O’Gorman, 50, has been working for Community off and on since 1988. Today, she’s an immediate care nurse at the Oakhurst facility, while also providing per diem home health care in Oakhurst and working at Advanced Medical Imaging in Fresno once a week. But Oakhurst is home.
“One of the things I like up here is this is my community,” she said. “This is where I live, and I enjoy being able to do this in my community, see people I know from town or from church, and know I can do something to help them out. It’s more personal up here.”
Though Oakhurst doesn’t house a Level 1 trauma center like Community Regional does, O’Gorman said the staff there sees plenty of serious injuries, including accidents from logging, camping, watersports, chainsaws, horses and other “mountain stuff.”
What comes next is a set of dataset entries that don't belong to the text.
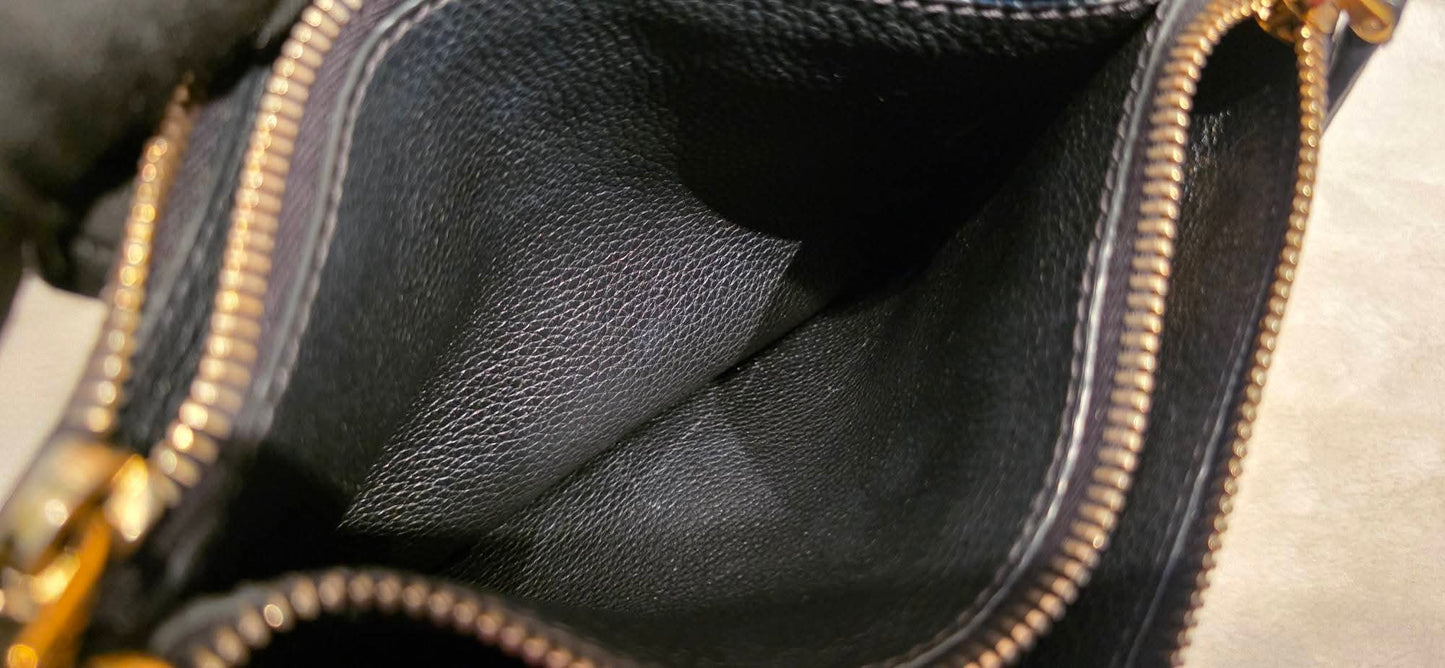 Authentic Prada Bandoliera Vitello Phenix Crossbody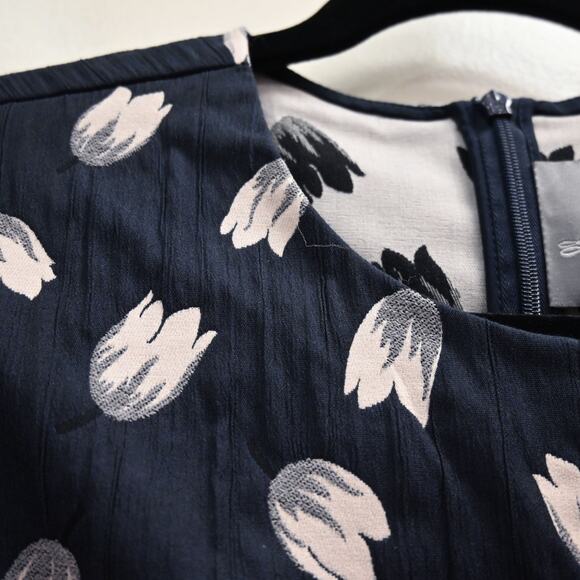 Lela Rose Navy Blue Textured Jacquard Spring Floral Top Size 8 - Picture 10 of 13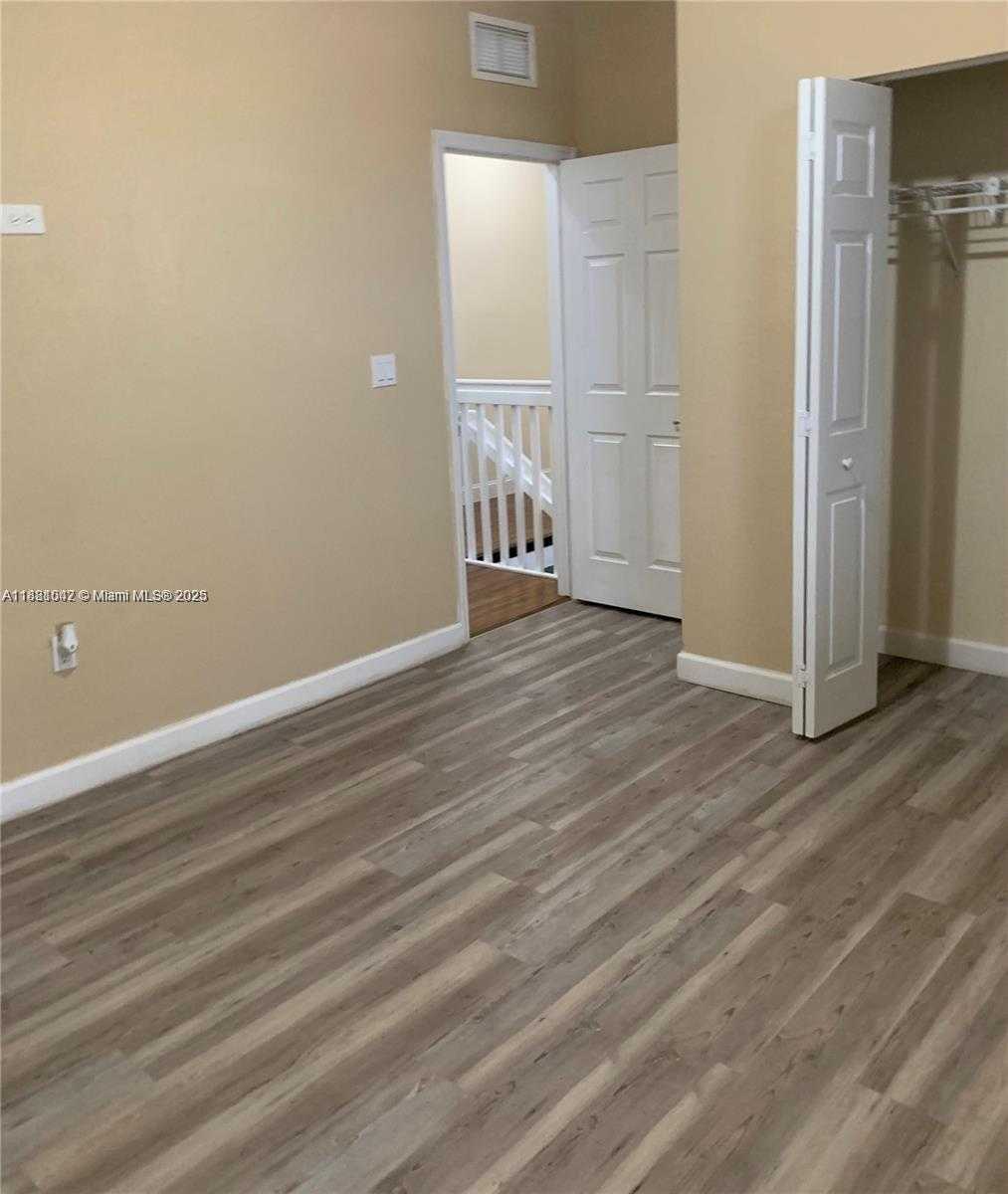 Small Image of 10440 SOUTH WEST 228TH TER, Miami Number 21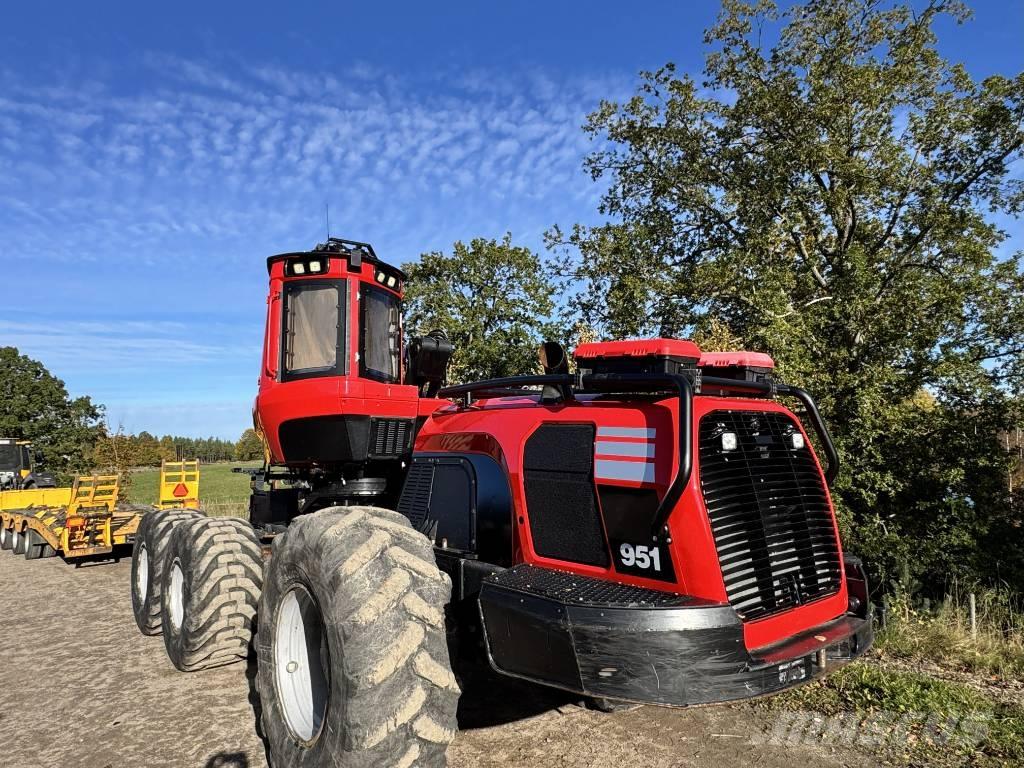 Komatsu 951 收穫機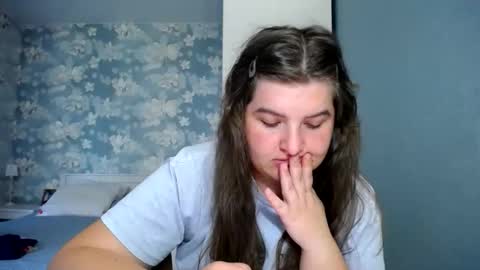 Snapshot of elanis_blair chatting on 05/11/26, 04:04 Elanis online show from 05/11/26, 04:04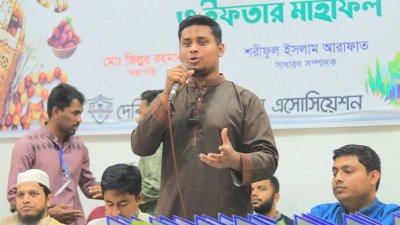দেবিদ্বারে এক ইফতার মাহফিলে বক্তব্য দেন হাসনাত আবদুল্লাহ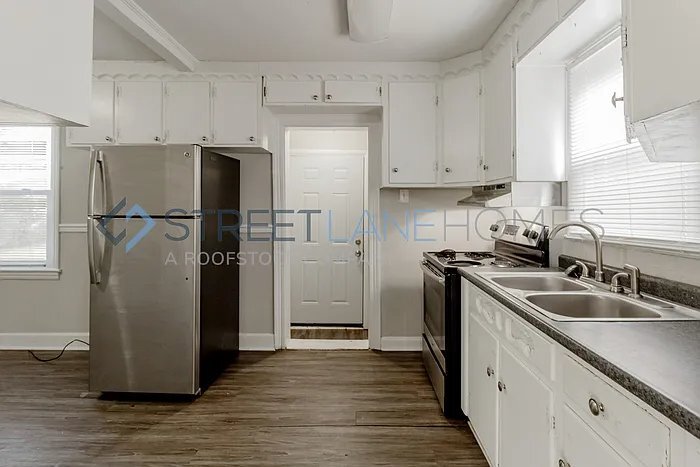 Building Photo - 209 Peachtree Cir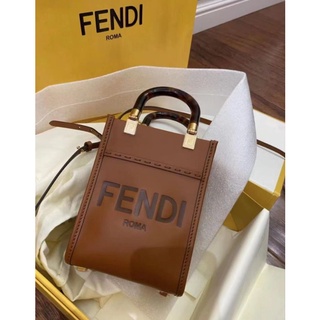 Túi xách Fendi.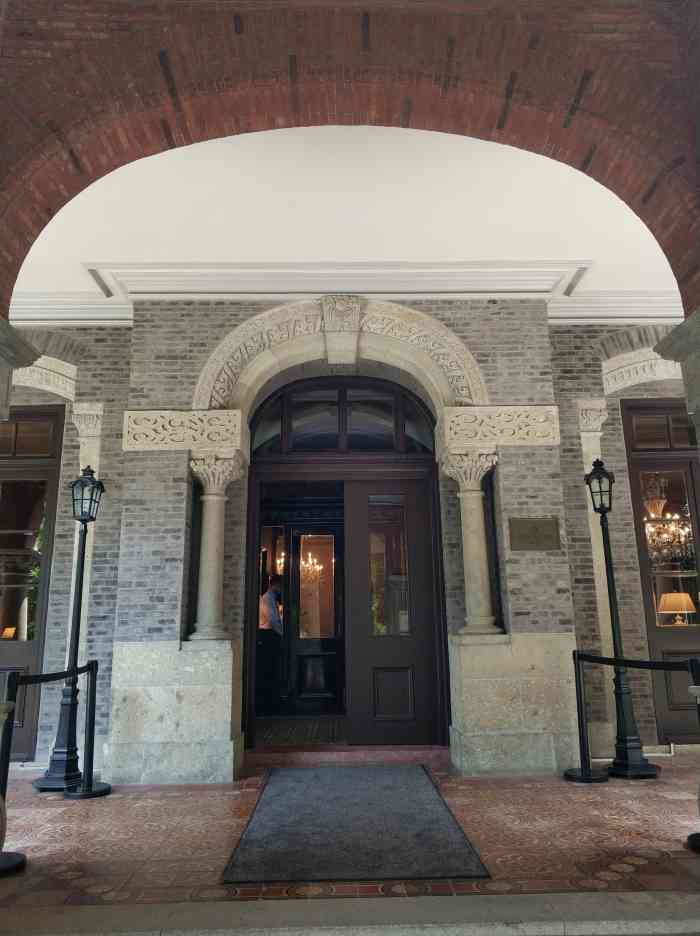 patekphilippe百达翡丽上海源邸店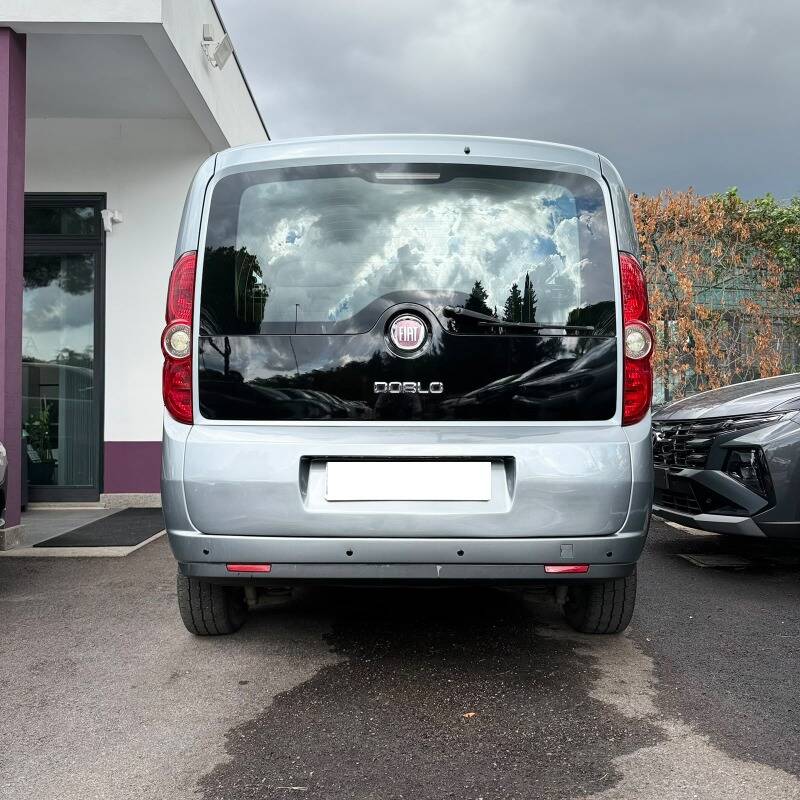 Fiat Doblo 1.6 mjt 16v MyLife 90cv - foto 5 di 14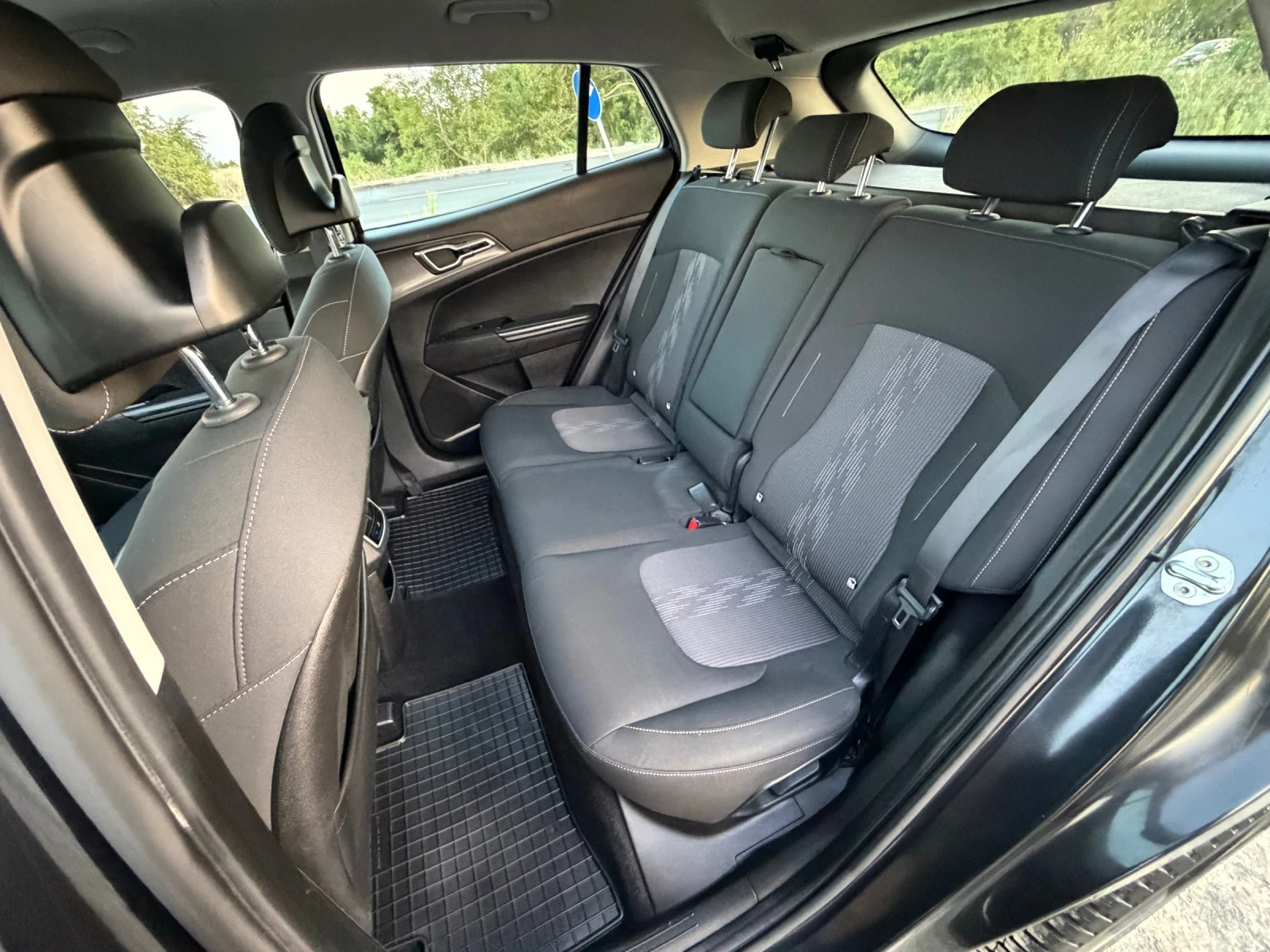 Kia Sportage 1.6 - 265 PHEV / 4X4 / YOUTUBE / WAZE / 139 000 �� | Mobile.bg � ����������� 13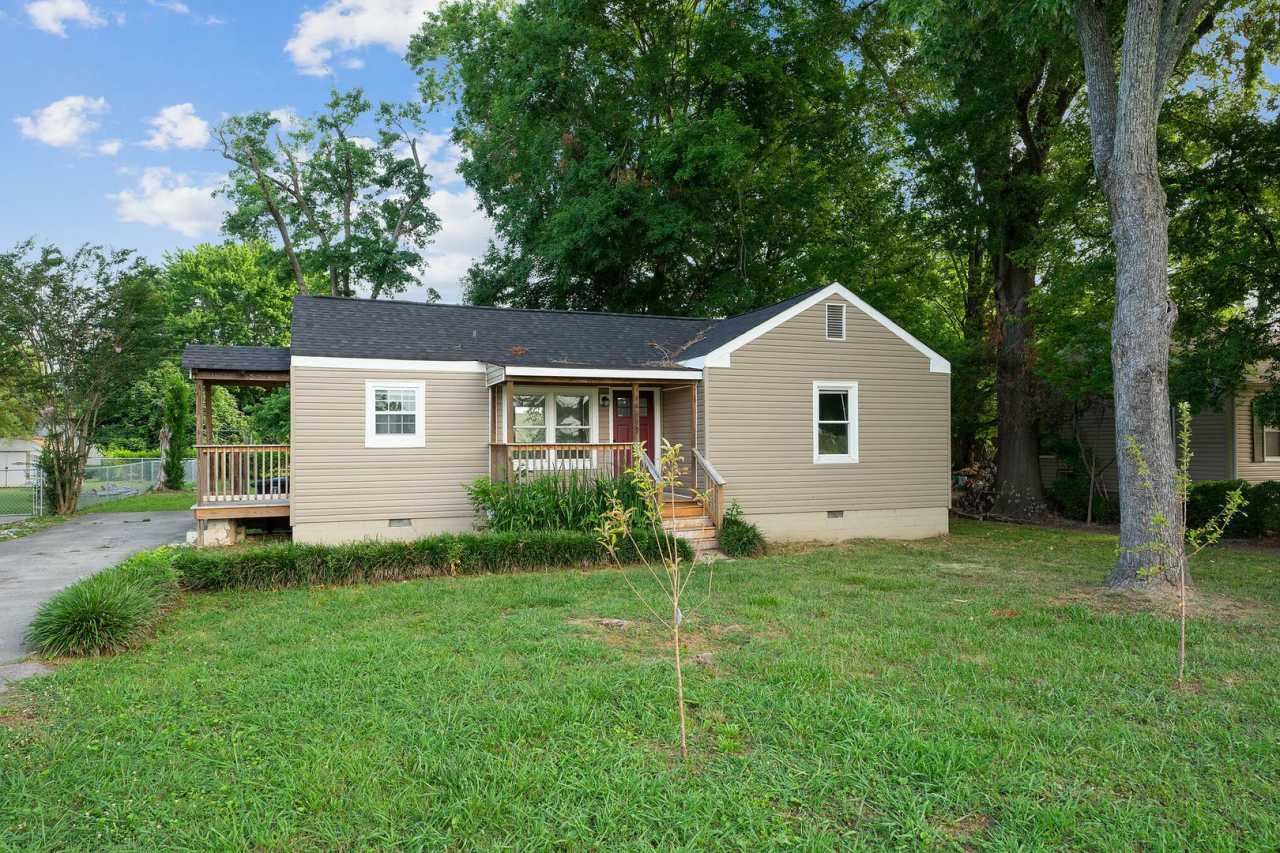 Three Bedroom One Bathroom House For Rent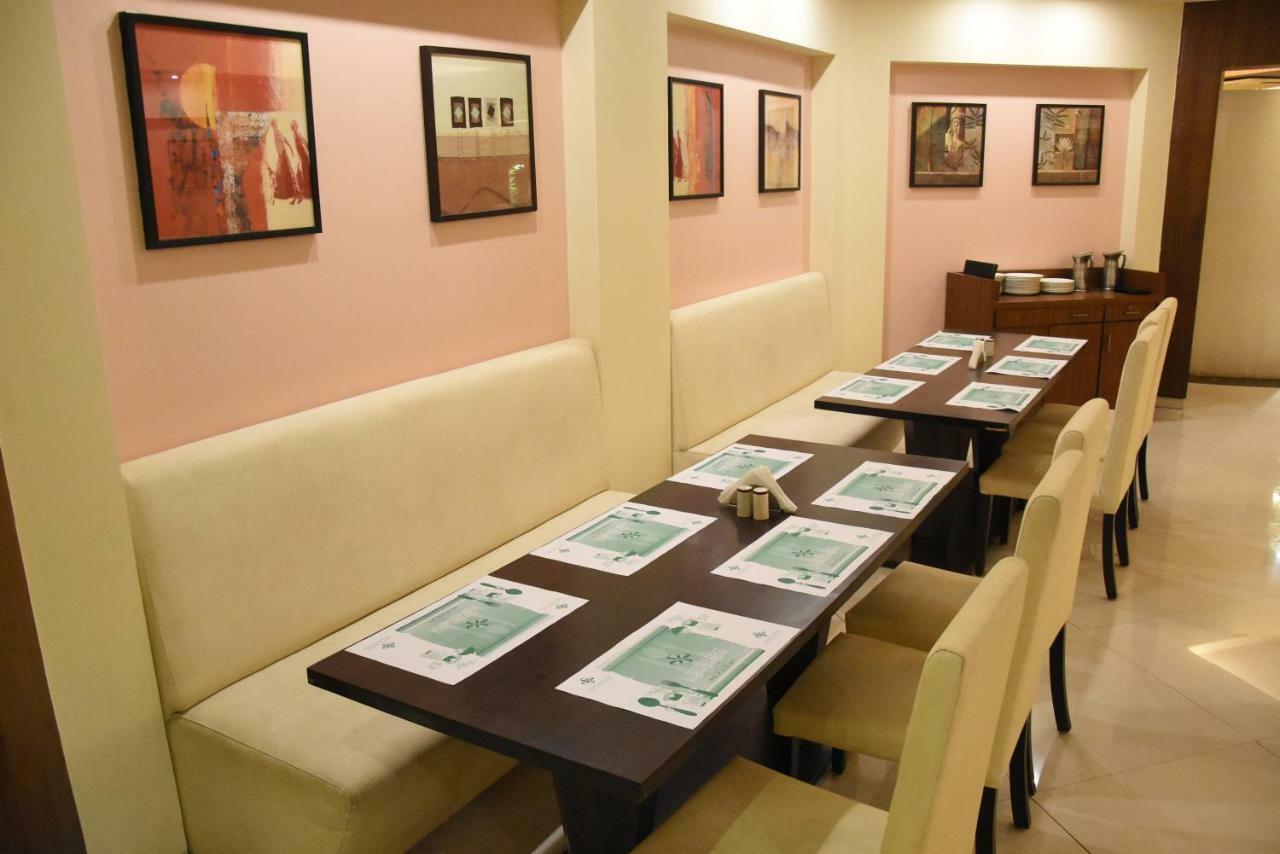 Hotel Landmark Ratnāgiri 外观 照片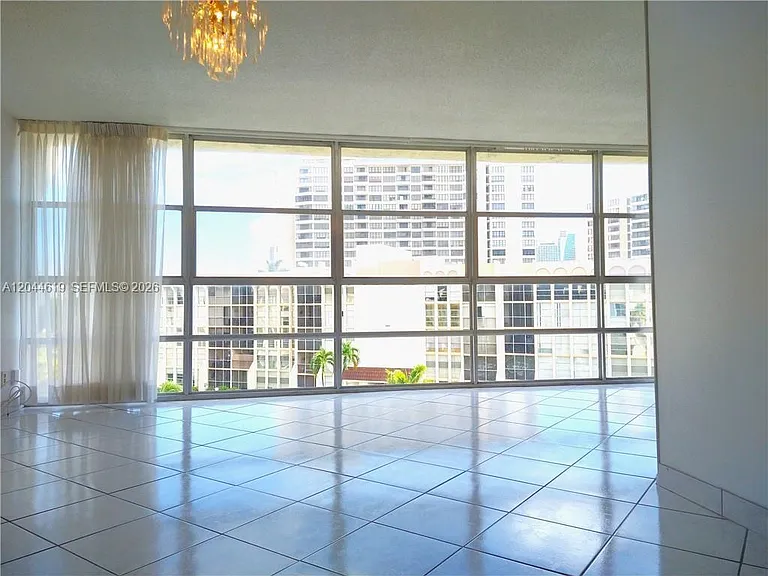 601 Three Islands Blvd #517 — Photo 19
Many of those patients are transferred “down the hill,” as O’Gorman called it, for higher-acuity care in downtown Fresno. And that’s what O’Gorman said is the biggest day-to-day challenge of being an immediate care nurse in Oakhurst – seeing patients who need intervention right away, but with fewer resources than Community Regional’s Level 1 trauma center.
“We just don’t have the backup here, so you really have to feel confident, and we have a really good team up here,” O’Gorman said. “It’s a great team of people who help each other out a lot. So when we get a trauma or a code that comes in, everybody jumps in.”